- [EXERCISE INPUT]
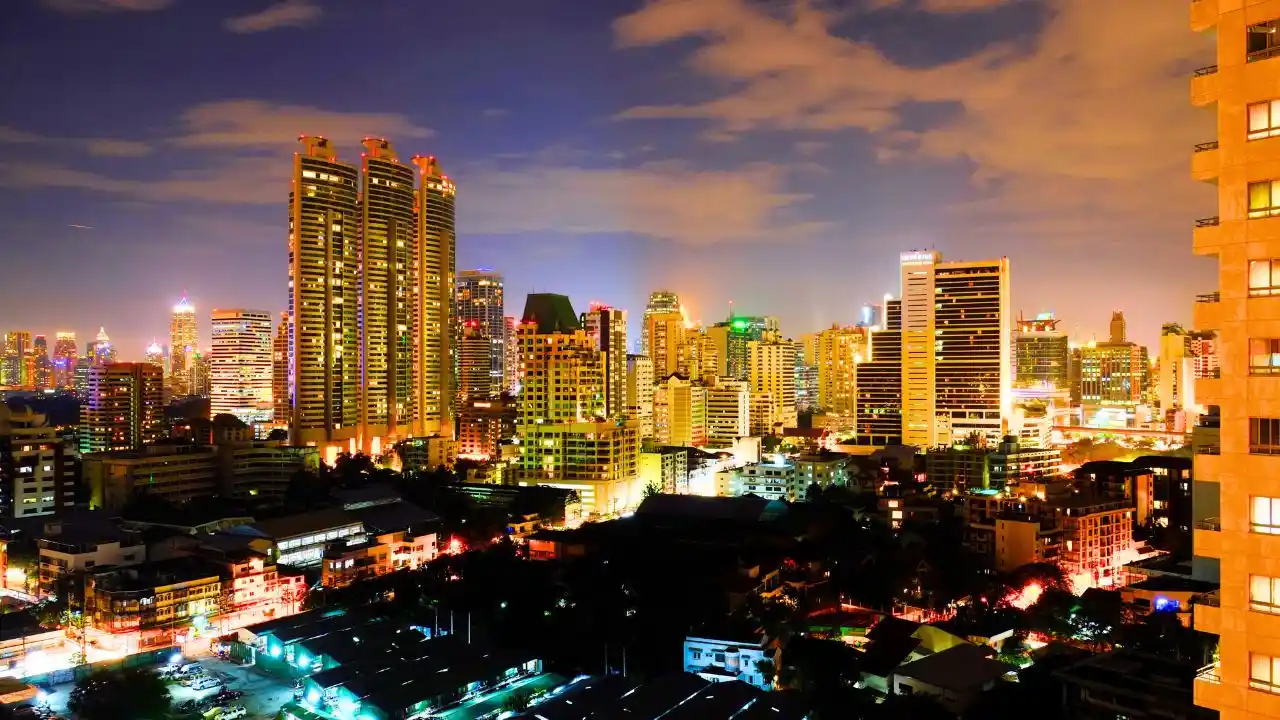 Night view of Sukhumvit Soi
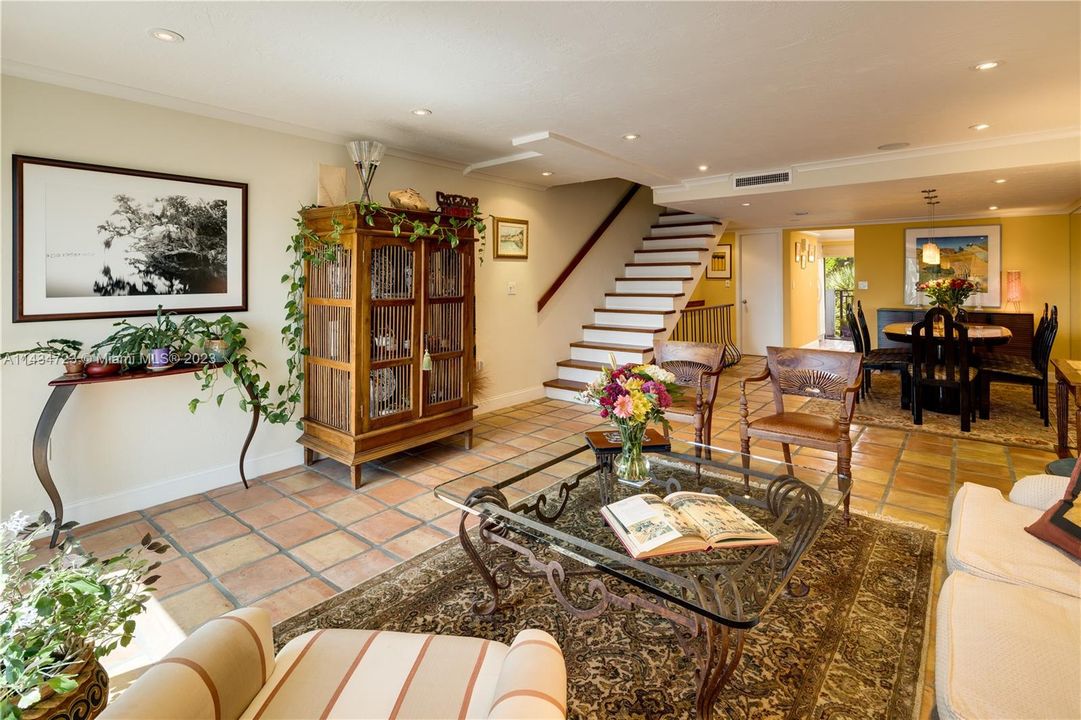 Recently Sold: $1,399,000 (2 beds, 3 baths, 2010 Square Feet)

---

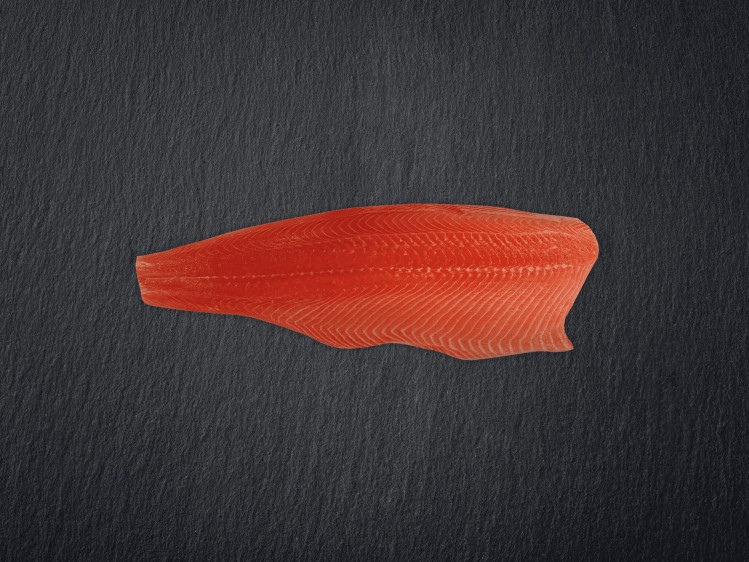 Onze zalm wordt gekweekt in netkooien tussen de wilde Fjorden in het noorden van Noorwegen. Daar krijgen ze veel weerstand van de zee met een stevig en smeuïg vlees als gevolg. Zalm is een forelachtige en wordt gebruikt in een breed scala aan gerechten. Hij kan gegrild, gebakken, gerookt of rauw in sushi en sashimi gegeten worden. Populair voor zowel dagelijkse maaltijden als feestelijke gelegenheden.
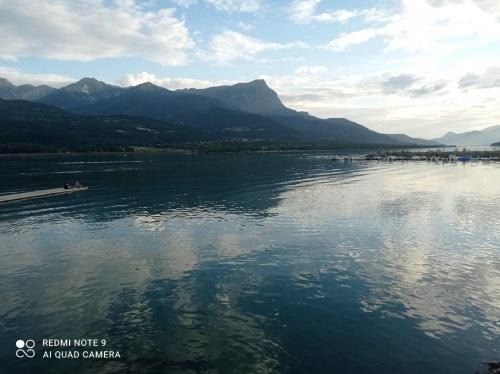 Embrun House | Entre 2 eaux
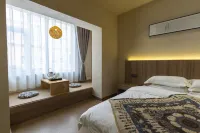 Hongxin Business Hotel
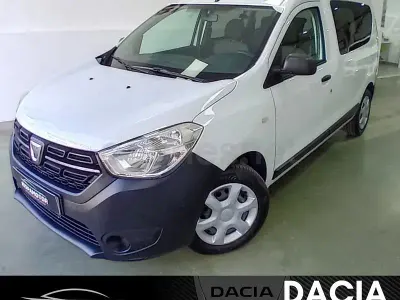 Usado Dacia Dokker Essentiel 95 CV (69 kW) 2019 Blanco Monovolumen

- [ACTIVITY] Give exactly the lines above that run from the line with "Embrun House | Entre 2 eaux" to the line with "Usado Dacia Dokker", both included, leaving every picture out.

- [YOUR RESPONSE]
 Embrun House | Entre 2 eaux
 Hongxin Business Hotel
 Usado Dacia Dokker Essentiel 95 CV (69 kW) 2019 Blanco Monovolumen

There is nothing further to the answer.